Still, we need an agreement among Member States to change the Treaties. We must involve France in the process and find alternative solutions for Strasbourg.  I have brought this up with President Macron at two occasions and he did not close the door to dialogue. Not having the European institutions organized in the most efficient way is just giving more incitement for EU-sceptics. Ahead of the European elections, our Heads of state need to grasp this opportunity and take a constructive and diplomatic discussion on Council level to open a roadmap on the Single Seat. Both chancellor Merkel and chancellor Kurtz have spoken for one seat; which is a huge step in the right direction.

We as European parliament have done our part and gathered a common position. Now it is time for EU Governments to take responsibility and respond to taxpayers expectations. There is no mission impossible if citizens ask for it.

AGAINST

Strasbourg is THE Seat!

Catherine Trautmann European Parliament Strasbourg Eurometropole Brussels

Catherine Trautmann

Vice-president and municipal councilor, Eurométropole de Strasbourg

http://en.strasbourg.eu/en/home-en/



The European Parliament has one seat, in Strasbourg. The organisation of its work and services is divided between Strasbourg, Luxembourg and Brussels.  
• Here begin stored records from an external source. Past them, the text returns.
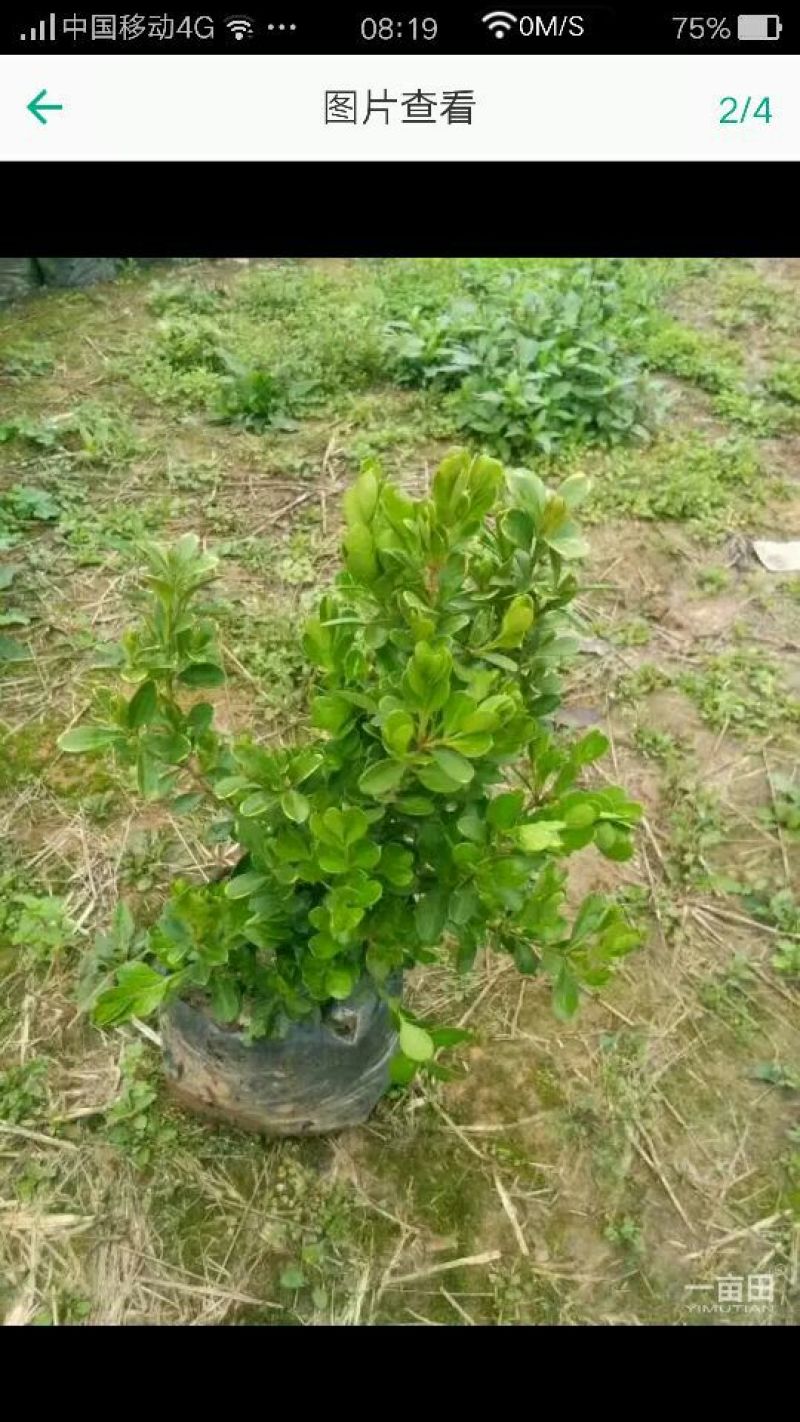 小叶黄杨苗10~20cm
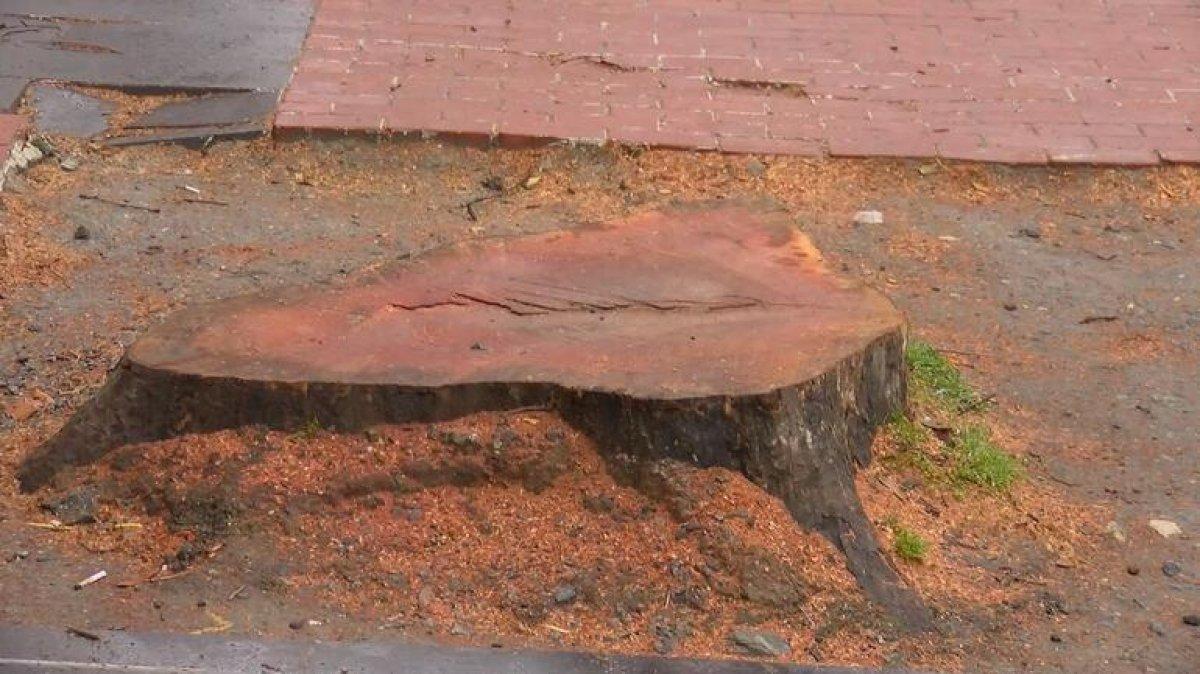 İBB, Beşiktaş'ta 112 çınar ağacını kesti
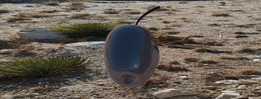 APPLE_1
The Parliament of Strasbourg is home to emblematic debates and the European Parliament’s successes on major issues: universal suffrage, budgetary authority, co-decision, ratification of international trade treaties. 

As the parliamentary capital of Europe, Strasbourg hosts the only European institution elected by direct universal suffrage, the European Parliament and the Parliamentary Assembly of the Council of Europe, celebrating its 70th anniversary this year. This statute is affirmed in the Treaty. 

The transformation into a “smart parliament” will considerably reduce the environmental impact

In our times, there is an unfortunate tendency to over-simplify, resulting in approximations and errors of judgement. This is especially true of the seat of the Parliament in Strasbourg, which is said to be too expensive, too far away, etc. 

In the meantime, the Paul-Henri Spaak building in Brussels was built just 25 years ago and is now in such a state of disrepair that it requires renovations estimated by an internal Parliamentary memorandum at close to €400 million! 

The oft-cited argument of the cost of sessions in Strasbourg does not hold up. It amounts to only €52.6 million per year (that is, 10 cents/year/citizen) out of the European Parliament’s budget of almost €2 billion. The only comparable costs in terms of a single seat would be those of all parliamentary activities in Strasbourg or another location. 

The carbon footprint of the Strasbourg seat is continually shrinking. As indicated in the European Parliament Environmental Statement approved annually by Members, it stands at 3,250 tonnes of CO² per year, 6 times less than the figure put forward by Strasbourg’s competitors. The transformation into a “smart parliament” will considerably reduce the environmental impact caused by canteen transport, paper, etc.

When Brussels symbolises bureaucratic opacity, the European Parliament must be returned to its rightful political role

At a time when the citizens of Europe are losing faith in the European Union and when Brussels symbolises bureaucratic opacity, the European Parliament must be returned to its rightful political role, thus correcting the process of co-decision which has been reduced to trialogues or votes without discussion. To enable citizens to appropriate the European debate, the Parliament must be independent, sovereign, and endowed with a real power of initiative. 

Promoting and developing the seat of the European Parliament in Strasbourg means promoting a democratic governance of the Union which is open, transparent and as close as possible to its citizens. Because Strasbourg is the Capital of the People of Europe!